State of Maryland
Bill 686 Child Victims Act
Opening the Door to Justice for Survivors of Childhood Sexual Abuse
Overview:
The Maryland Child Victims Act of 2023 is one of the most significant legislative victories for survivors of child sexual abuse in the United States. By removing the civil statute of limitations for survivors, the law acknowledges what survivors have said for decades: healing is nonlinear, trauma is long-lasting, and the legal system must adapt to the lived reality of those harmed. For too long, arbitrary time limits denied justice to individuals whose lives were forever altered by abuse that occurred in schools, churches, foster care, athletic programs, and other institutions that promised to protect them.
With this law, Maryland has said that time can no longer be used as a shield for institutions that failed to act—or worse, actively concealed abuse. This legislation doesn’t just give survivors more time. It gives them back their voice.
Key Provisions:
The law permanently eliminates the civil statute of limitations for child sexual abuse claims. Survivors, regardless of their current age or how long ago the abuse occurred, can now bring forward lawsuits in civil court.

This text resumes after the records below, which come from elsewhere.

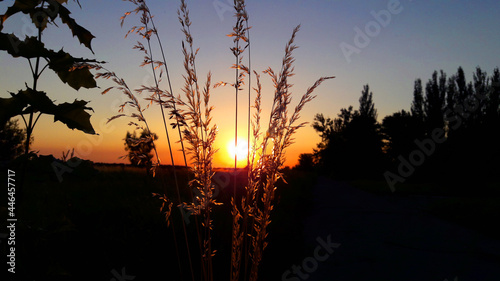 sunset in the wheat field and wheat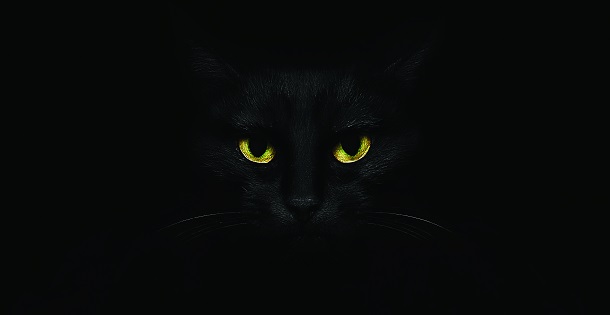 black cat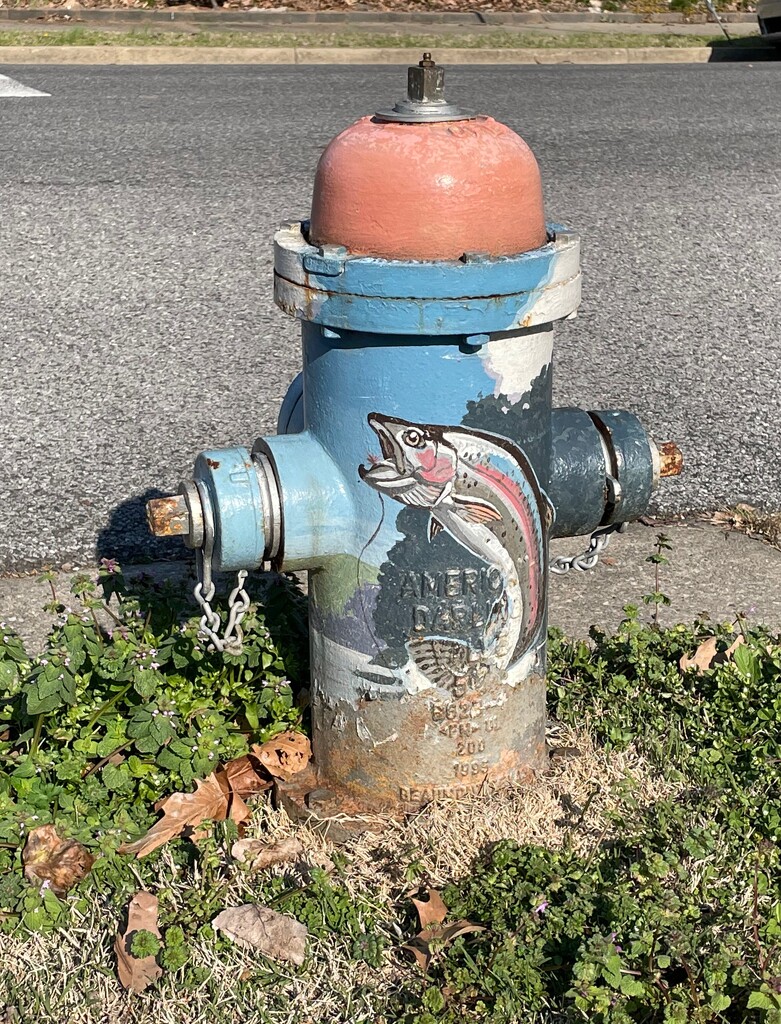 Rainbow trout hydrant by margonaut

This is a retroactive law. That means even those who were previously time-barred—survivors who were told, often cruelly, that it was “too late”—can now seek justice. This includes claims against individuals and institutions.
The Act also redefines the scope of abuse, expanding the legal definition to reflect the many forms that harm can take, from physical acts to enabling behavior by adults in positions of power.
To provide some guardrails on liability, the legislation includes caps on non-economic damages: $1.5 million for claims against private institutions and $890,000 for claims against public entities. These caps are not ideal—but they are not barriers. They are compromise points in a law whose primary strength lies in its recognition of survivors’ rights to be heard.
Legislative History:
Introduced as Senate Bill 686 in the 2023 legislative session, the Child Victims Act was championed by lawmakers who listened to the testimony of survivors, advocates, and legal experts over several years. The political climate around the bill shifted after the release of a devastating report from the Maryland Attorney General’s Office detailing abuse by Catholic clergy in the Archdiocese of Baltimore—covering more than 600 victims over 80 years.
The public reaction was visceral. The legislative response was swift. The bill passed with overwhelming bipartisan support: 42–5 in the Senate and 132–2 in the House of Delegates. Governor Wes Moore signed the bill into law on April 11, 2023. It went into effect on October 1, 2023.
Implications for Survivors and the Restitution Project:
This legislation is more than a law—it’s a reckoning. It challenges the structures that have long protected abusers at the expense of survivors, and it validates the truth that justice delayed should never mean justice denied. The law aligns with The Restitution Project’s mission to dismantle institutional silence and to create legal and cultural systems that center survivor autonomy and truth.
The Maryland Child Victims Act is a model for the rest of the country. It is a call to action for lawmakers everywhere to prioritize healing over liability and people over institutions.